In September 2002, at the UN World Summit on Sustainable Development in Johannesburg, Russian prime minister Mikhail Kasyanov gave the Euro-ecologists a pleasant surprise by announcing that Moscow was ready to ratify the Kyoto Protocol “in the very near future.” The long pause which followed clearly demonstrated, however, that Russia is still not ready to move for words to action. According to Russian president Vladimir Putin, “the issue of Russia’s ratification of the Kyoto Protocol will be decided in accordance with its national interests.”
This sudden step back was not well received in Europe. The easily impressionable Europeans were spooked, which led presidential advisor Andrei Illarionov to make the following comment: “Russia’s economic growth means that by the end of the decade, Russia’s harmful emissions will have returned to their 1990 levels. The country will have no extra emissions reserves to sell and thereby gain some financial advantage from ratifying the agreement. After 2012, Russia will have to cover major costs to further reduce harmful emissions. This is why it is absolutely necessary to calculate all costs and compare them to the potential benefits.”

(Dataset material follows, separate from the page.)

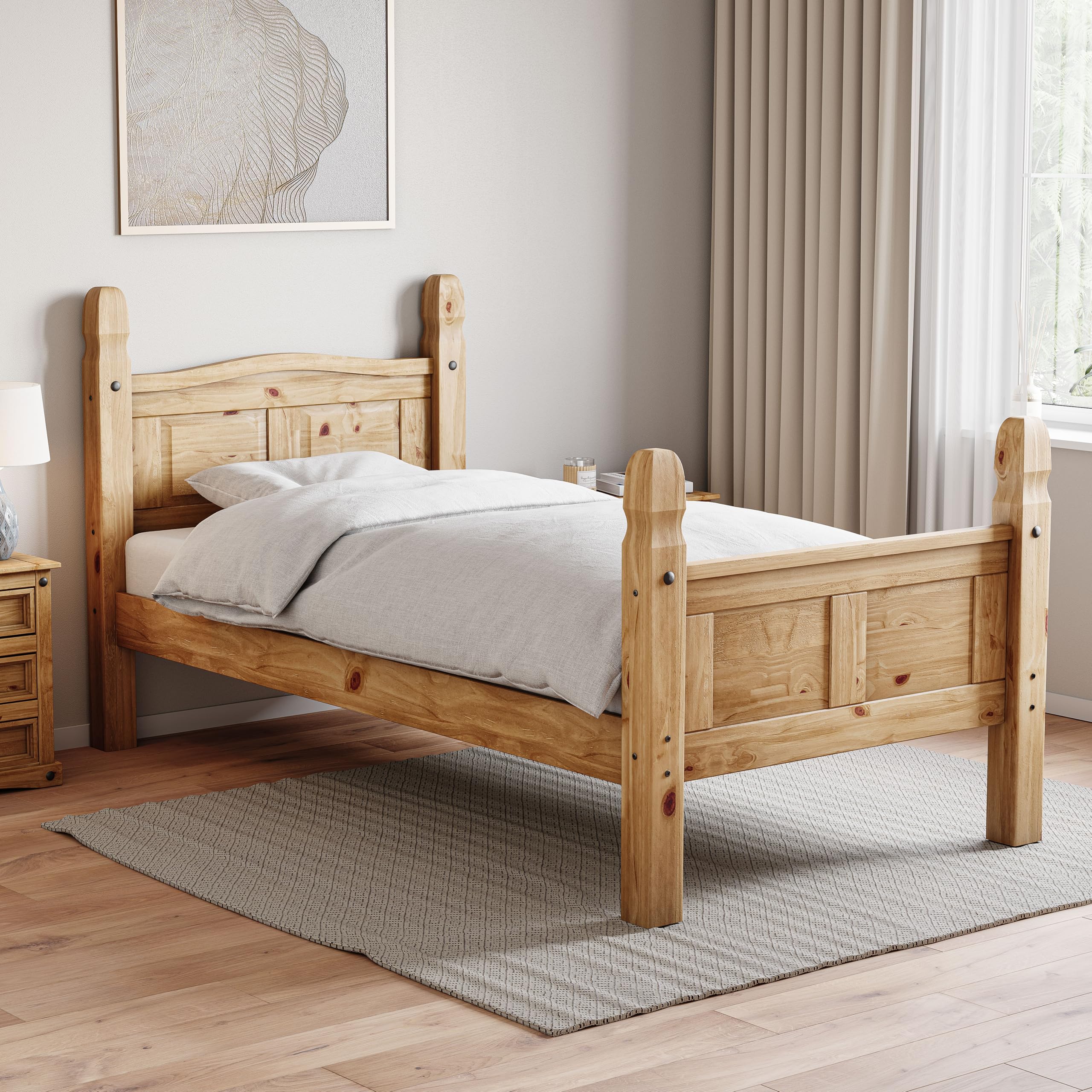 Vida Designs Corona Single Bed, 3 ft, High Foot End Bed Frame, Solid Pine Wood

Is the Russian government bluffing or is it engaged in serious consideration of the practicality of signing the Kyoto Protocol? According to Roginko, politicians need to understand that they have little time left to waffle. He believes that if Russia wants to ratify the Protocol, they need to do it by summer 2004. Otherwise there is a very high chance that any advantages Russia could gain from signing will begin to evaporate. “If we really want to ratify, we need to find some compromise between our national interests and those of the EU immediately. This could mean targeted investment channels, massive technological assistance in projects to reduce greenhouse emissions and to improve production efficiency, and finally to finance a national monitoring system, which we will have to set up anyway. It will not be cheap,” says Roginko.